It would appear that High Sierra Stoves acquired the brand at some point (probably from Sierra Mfg Co of Virginia).  High Sierra Stoves appears to have turned into Sierra Products, which currently makes pellet stoves under the Sweet Home brand.  Unfortunately, I couldn't get any information about the AK-18 wood stove from Sierra Products.

The previous owners never received a manual for the stove when they purchased the home, and in addition, they never replaced the catalytic combustor.  I've spent a good amount of time trying to dig up any information on the stove with few results.  The most information I've found is in an old EPA document at http://nepis.epa.gov/Exe/ZyNET.exe/9100KB2P.txt?ZyActionD=ZyDocument&Client=EPA&Index=1986%20Thru%201990&Docs=&Query=&Time=&EndTime=&SearchMethod=1&TocRestrict=n&Toc=&TocEntry=&QField=&QFieldYe ar=&QFieldMonth=&QFieldDay=&UseQField=&IntQFieldOp=0&ExtQFieldOp=0&XmlQuery=&File=D%3A%5CZYFILES%5CINDEX%20DATA%5C86THRU90%5CTXT%5C00000022%5C9100KB2P.txt&User=ANONYMOUS&Password=anonymous&SortMethod=h%7C-&MaximumDocuments=1&FuzzyDegree=0&ImageQuality=r75g8/r75g8/x150y150g16/i425&Display=p%7Cf&DefSeekPage=x&SearchBack=ZyActionL&Back=ZyActionS&BackDesc=Results%20page&MaximumPages=1&ZyEntry=64 .  But, I've found no sources for the manual.

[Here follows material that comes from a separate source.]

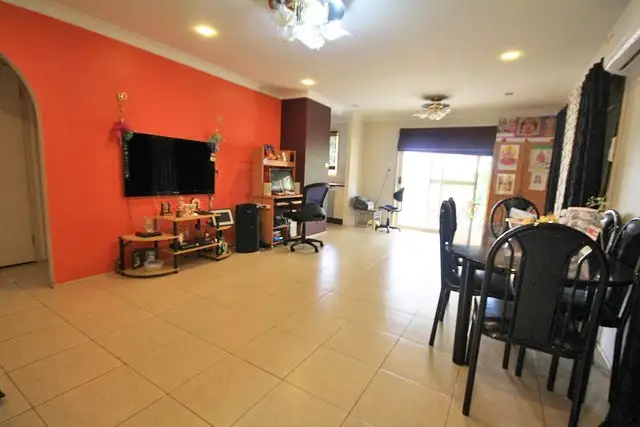 Second view of Homely house listing, 31 Hydrangea Place, Macquarie Fields NSW 2564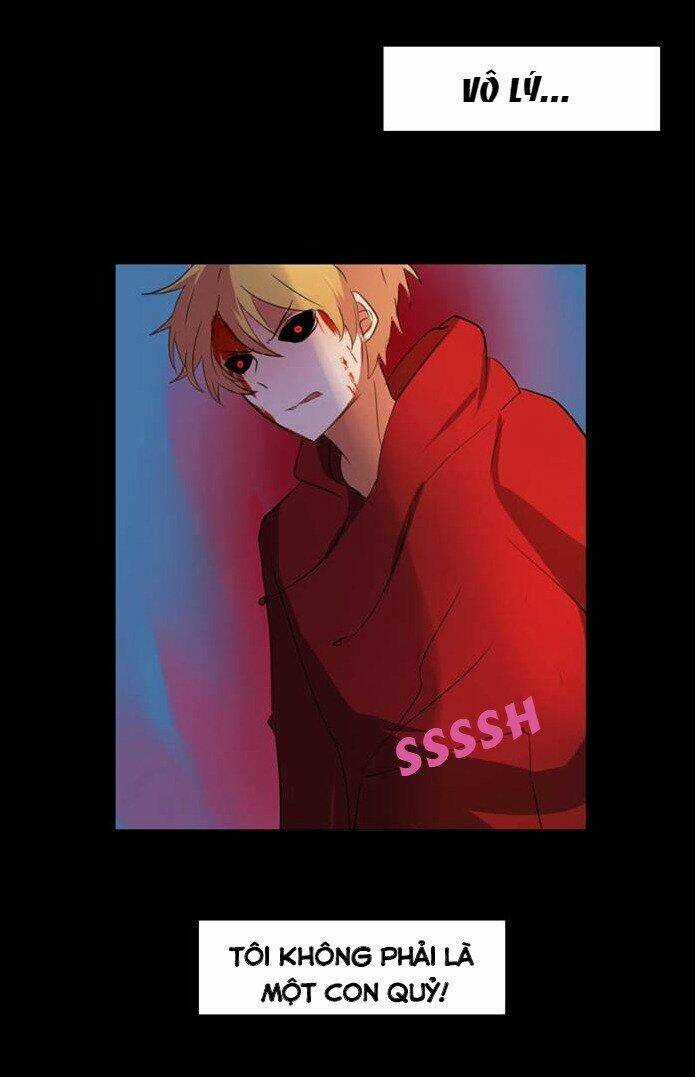 Aegis Orta - Chapter 7 - Trang 16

Does anyone have a manual for this stove or perhaps for a similar stove?  Alternatively, what I'm mainly looking for is information for how to access the catalytic combustor, in order to inspect it, clean it, and potentially replace it.  It would appear that the catalytic combustor likely sits under a circular plate in the middle of the stove.  I'm not sure of the purpose of this plate, but my limited attempts to remove it have all failed, and I'm not sure if it is even supposed to be removed in order to get to the catalytic combustor, so I haven't done anything forceful.  The plate has two small holes on opposite ends. It also has a smaller center hole in which an old and and apparently broken Condor Catalytic Thermometer is placed.  I've attached an image that shows the plate in more detail.

On some (more modern) stoves, it looks like the top plate of the stove can be lifted up by unscrewing some screws, providing access to the catalytic combustor, but the top lid of the AK-18 appears to be welded shut with this stove.

Another issue with this stove is that the bypass damper lever is stuck, and I have no idea what position it is stuck in.

Any assistance would be greatly appreciated.

Thanks!

AaronL


----------



## Spud Monkey (Feb 26, 2014)

Sounds like someone redneck rigged it to what they thought was best thing for output on the stove. Look up or down the pipe to check if that doesn't work trying running a chimney sweep brush to see what you feel.


----------